# YOUR ASSIGNMENT
With the images removed, repeat the data below exactly.

# DATA EXTRACT
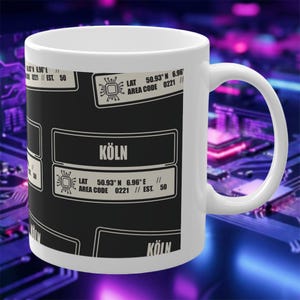 COLOGNE Mug Tech Pattern & Coordinates | Gift for Programmers and Computer Scientists | Dark Mode Mug Sticker Look | 0221 Urban Design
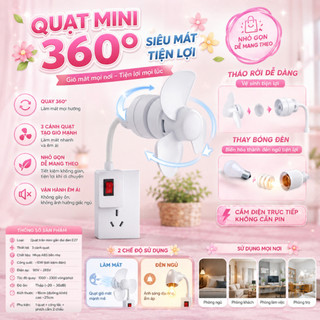 Quạt Trần Mini Gắn Đui Đèn 3 Cánh,Quạt Trần Mini,Có Phích Cắm,Tiết Kiệm Điện,Nhỏ Gọn,Dễ Lắp,Làm Mát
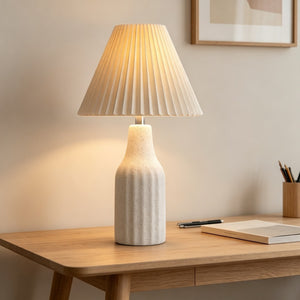22.3-Inch Ceramic Table Lamp with Folding Pleated Shade, White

# RESULT BELOW
 COLOGNE Mug Tech Pattern & Coordinates | Gift for Programmers and Computer Scientists | Dark Mode Mug Sticker Look | 0221 Urban Design
 Quạt Trần Mini Gắn Đui Đèn 3 Cánh,Quạt Trần Mini,Có Phích Cắm,Tiết Kiệm Điện,Nhỏ Gọn,Dễ Lắp,Làm Mát
22.3-Inch Ceramic Table Lamp with Folding Pleated Shade, White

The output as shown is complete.